[Data in this exercise]
--------------------------------

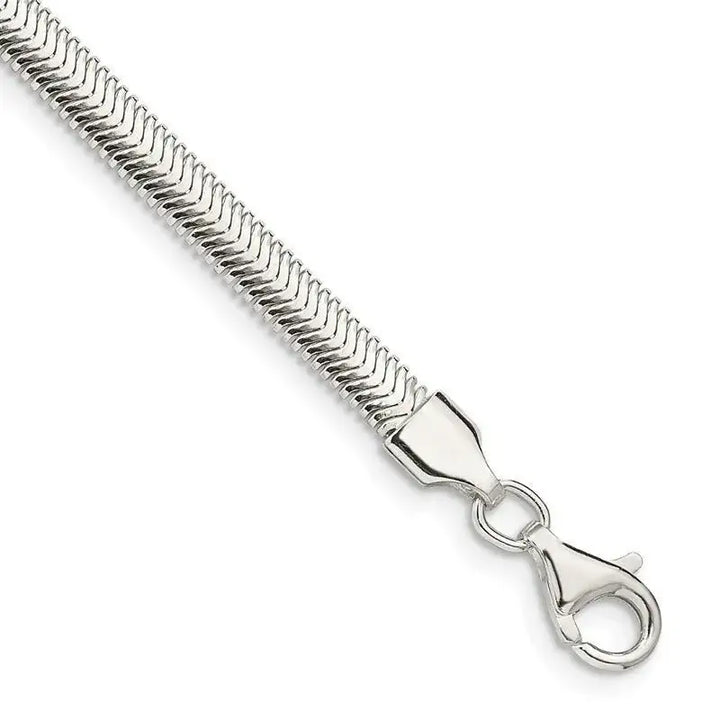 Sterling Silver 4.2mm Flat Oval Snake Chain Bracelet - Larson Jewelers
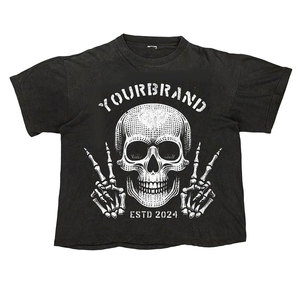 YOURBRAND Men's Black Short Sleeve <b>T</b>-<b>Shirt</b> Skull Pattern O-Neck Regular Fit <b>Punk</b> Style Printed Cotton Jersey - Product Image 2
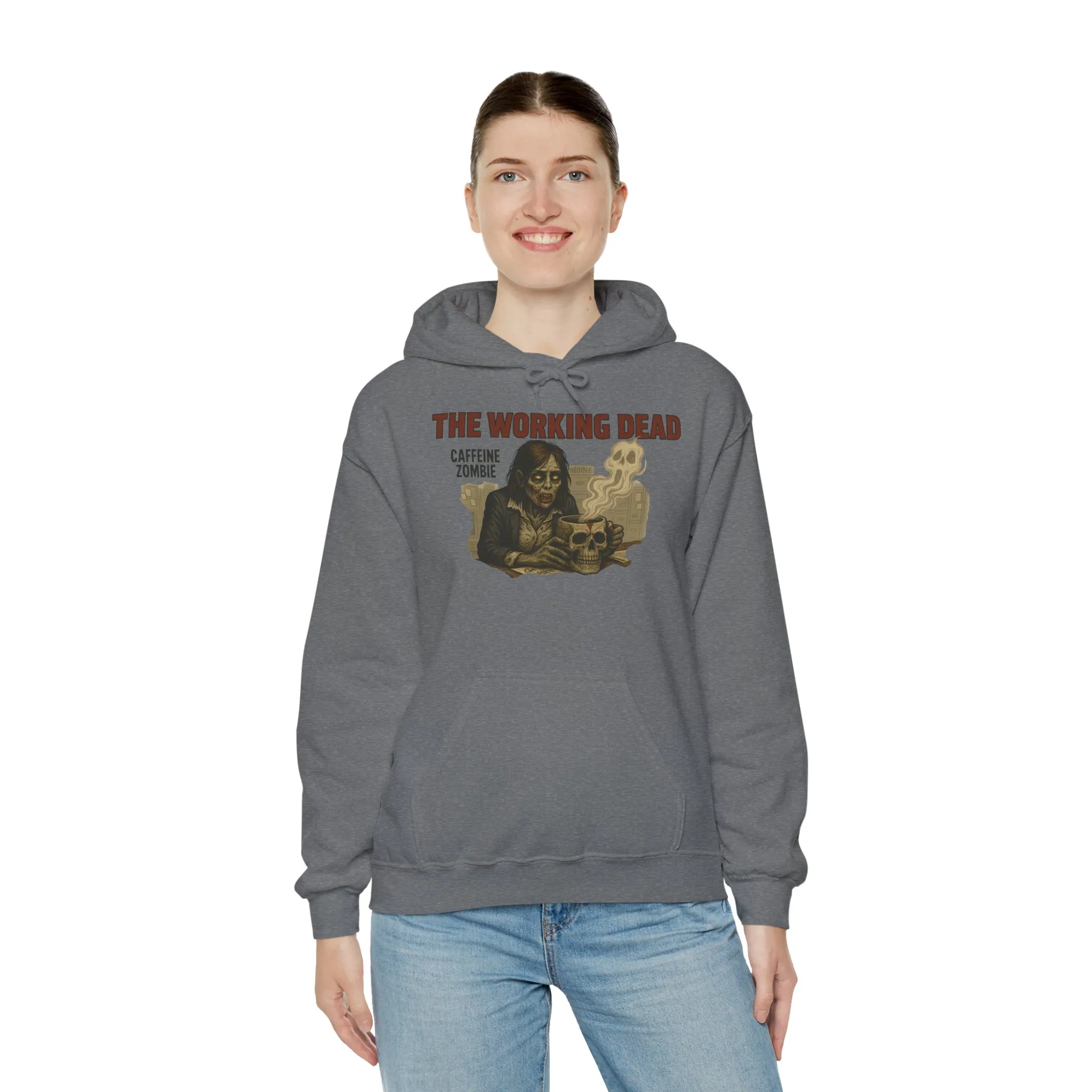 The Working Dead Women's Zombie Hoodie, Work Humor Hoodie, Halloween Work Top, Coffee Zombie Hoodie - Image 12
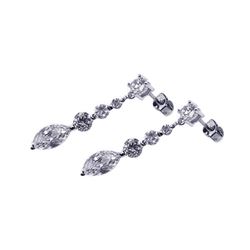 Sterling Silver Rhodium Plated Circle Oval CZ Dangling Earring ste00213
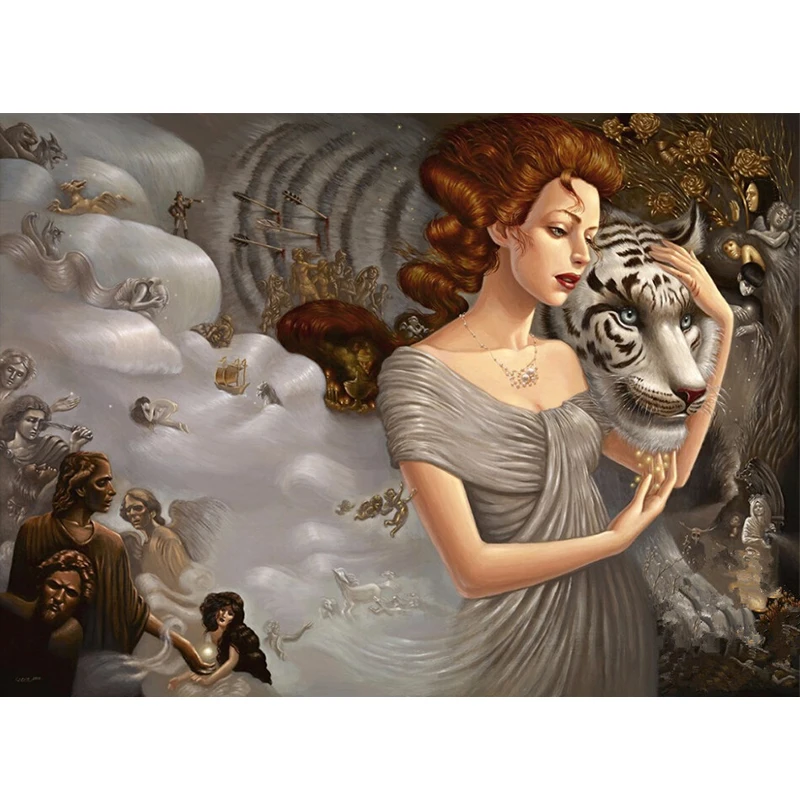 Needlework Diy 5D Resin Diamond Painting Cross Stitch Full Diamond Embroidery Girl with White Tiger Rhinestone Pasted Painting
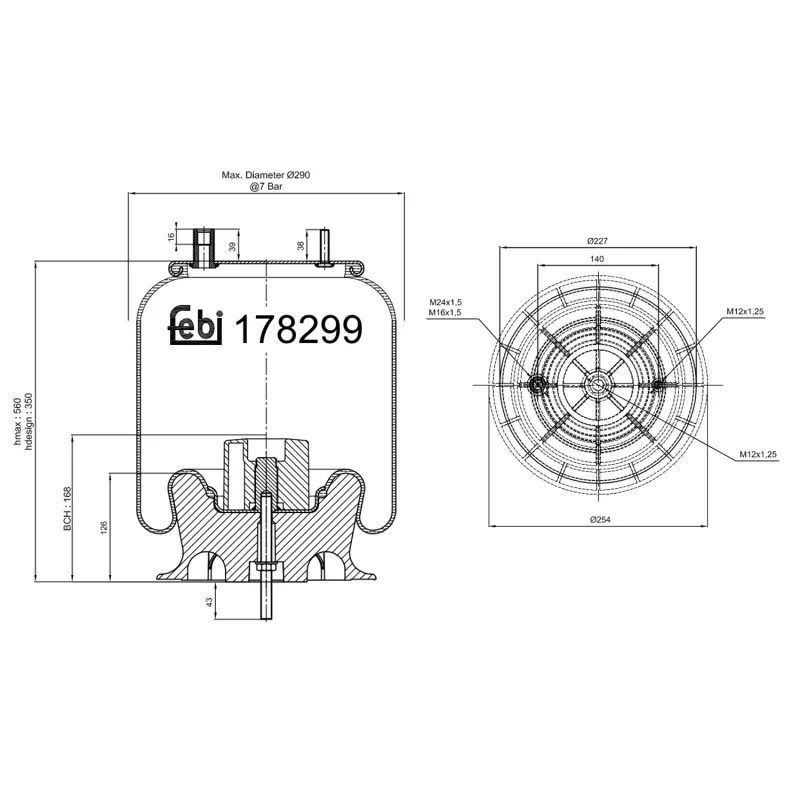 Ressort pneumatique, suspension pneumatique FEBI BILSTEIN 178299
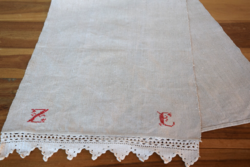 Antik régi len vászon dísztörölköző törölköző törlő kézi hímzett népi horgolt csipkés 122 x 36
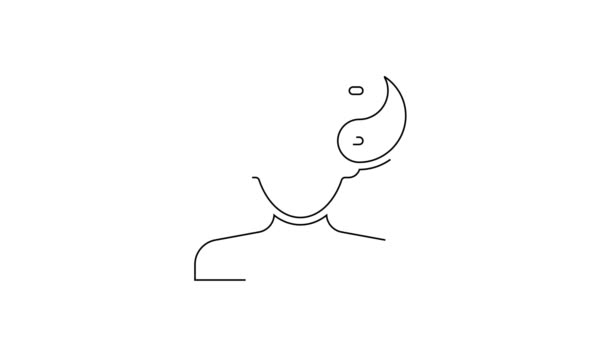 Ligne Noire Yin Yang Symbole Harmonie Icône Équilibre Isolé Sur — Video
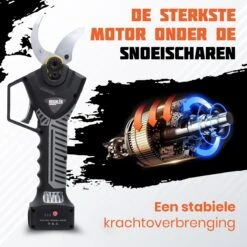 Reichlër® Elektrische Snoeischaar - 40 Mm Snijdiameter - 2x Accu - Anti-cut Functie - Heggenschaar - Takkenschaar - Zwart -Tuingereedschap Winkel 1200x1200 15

--------------------------------

[Task prompt] Restate the whole of the material word for word without the pictures.

[Answer box]
 Sterling Silver 4.2mm Flat Oval Snake Chain Bracelet - Larson Jewelers
 YOURBRAND Men's Black Short Sleeve <b>T</b>-<b>Shirt</b> Skull Pattern O-Neck Regular Fit <b>Punk</b> Style Printed Cotton Jersey - Product Image 2
 The Working Dead Women's Zombie Hoodie, Work Humor Hoodie, Halloween Work Top, Coffee Zombie Hoodie - Image 12
 Sterling Silver Rhodium Plated Circle Oval CZ Dangling Earring ste00213
 Needlework Diy 5D Resin Diamond Painting Cross Stitch Full Diamond Embroidery Girl with White Tiger Rhinestone Pasted Painting
 Ressort pneumatique, suspension pneumatique FEBI BILSTEIN 178299
 Antik régi len vászon dísztörölköző törölköző törlő kézi hímzett népi horgolt csipkés 122 x 36
 Ligne Noire Yin Yang Symbole Harmonie Icône Équilibre Isolé Sur — Video
 Reichlër® Elektrische Snoeischaar - 40 Mm Snijdiameter - 2x Accu - Anti-cut Functie - Heggenschaar - Takkenschaar - Zwart -Tuingereedschap Winkel 1200x1200 15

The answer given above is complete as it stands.